Directions for this task — Please set down only the lines below starting with the line with "Farba Beckers Designer" and going on through the line with "2019 Mazda BT50 4x2 5", verbatim and without pictures.

Record set —
***

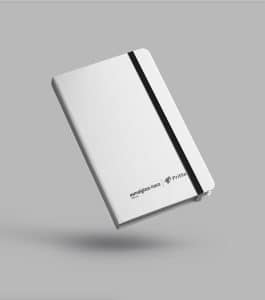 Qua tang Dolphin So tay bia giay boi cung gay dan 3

***

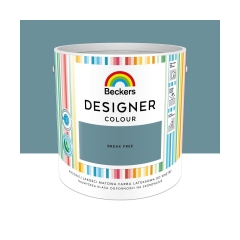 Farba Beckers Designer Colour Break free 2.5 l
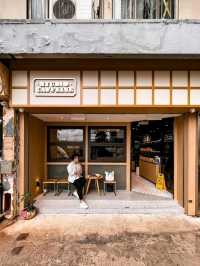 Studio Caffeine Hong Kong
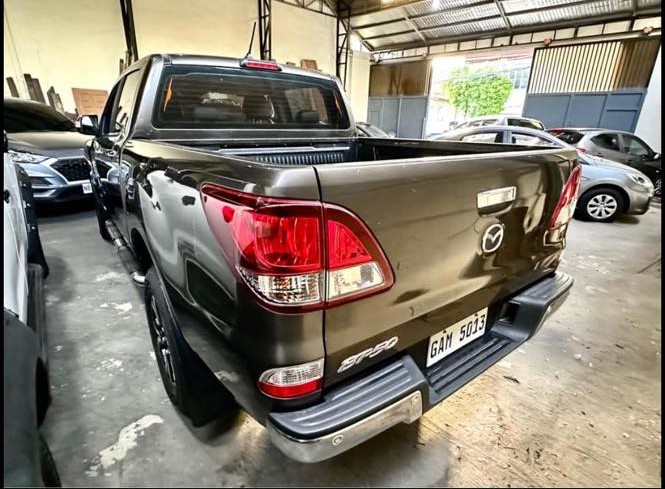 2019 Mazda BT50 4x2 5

***

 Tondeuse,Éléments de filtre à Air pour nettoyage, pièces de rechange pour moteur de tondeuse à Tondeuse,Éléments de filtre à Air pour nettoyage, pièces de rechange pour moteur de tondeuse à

***

Response to this exercise —
 Farba Beckers Designer Colour Break free 2.5 l
 Studio Caffeine Hong Kong
 2019 Mazda BT50 4x2 5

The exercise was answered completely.